We had a great crop of cucumbers this year.  There are only so many cucumbers you can eat.  We have given some to friends, I have made ice cream pail fridge pickles and still had a number to use.  I found a recipe for cucumber relish in a cookbook that my mother-in-law used.  It is a book produced by a flour company, Purity Flour, and the book is over 50 years old.  The recipe calls for minced and diced vegetables.  I used a food processor with the grating blade and just put everything through the grater.  It worked quite well.  If I had to chop everything by hand it would have taken awhile to prepare all of the vegetables.  The relish tastes great and I plan to use this relish with meat, added as a condiment with mayonnaise when making chopped egg or tuna and even with cream cheese on a cracker.  The DH says that this cucumber relish is far superior to the relish that I buy at the grocery store.

Salt added to shredded vegetables and ready to sit overnight.

Draining in a big colander over the kitchen sink.  I left it draining for over an hour.

Cooking after adding the sugar, vinegar and spices.

Almost a dozen jars (500 ml) filled with relish. 

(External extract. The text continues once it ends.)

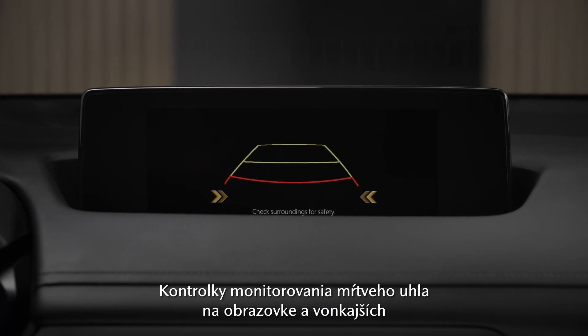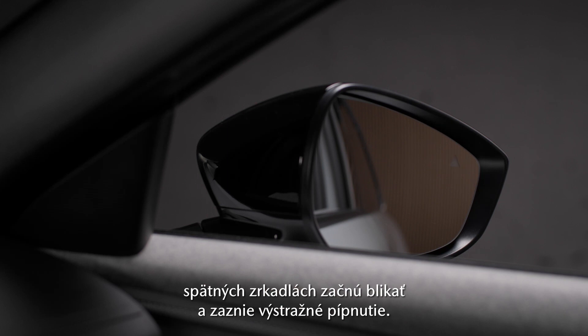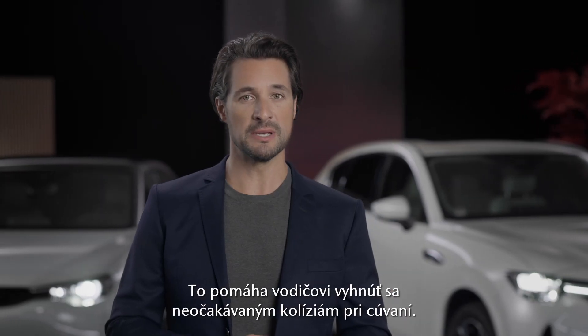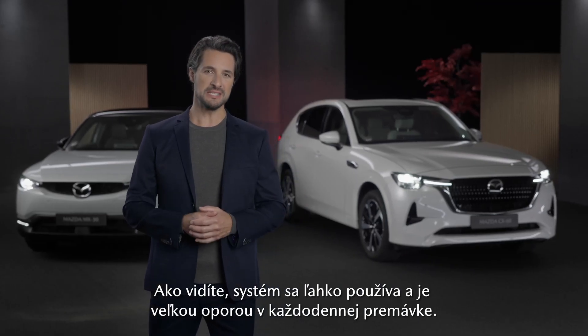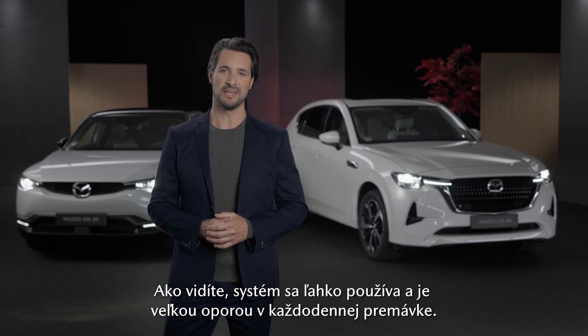The blind spot monitoring lights on the screen and on the door mirrors start to flash, and a warning beep is activated. This helps the driver to avoid unexpected collisions when backing up. As you can see, the system is easy to use and a great support in daily traffic.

Into a large bowl, wash and prepare the following:

8 cups peeled, minced cucumbers (8 to 10 large cucumbers)
3 cups peeled, minced onions (8 medium size)
4 cups minced green tomatoes (6 large)
2 cups minced pepper (green, red, yellow)
4 cups diced celery

Sprinkle with
1/3 cup coarse salt

Let stand overnight.  Cover loosely with saran wrap.  In the morning drain off the liquid.  I use a very large colander  and let it drain for over an hour.  Place the drained vegetables in a large pot and add

4 cups white vinegar
3 cups sugar

Cook gently over medium heat for 15 minutes stirring frequently.  In a separate small bowl, combine

½ cup flour
1 tsp turmeric
1 tbsp celery seeds
1 tbsp mustard seeds

Add 1 cup vinegar to this small bowl and mix the ingredients to make a paste.

Add the paste to the hot cucumber mixture and stir until it is thickened and boiling. Cook at a low heat for 10 minutes and then ladle into hot sterilized jars and seal with the canning lids.  Place the jars in the oven at 200 degrees F to continue with the sealing process for 20 minutes.  Remove and let cool before storing away for future use.  Makes almost a dozen (500 ml) full jars.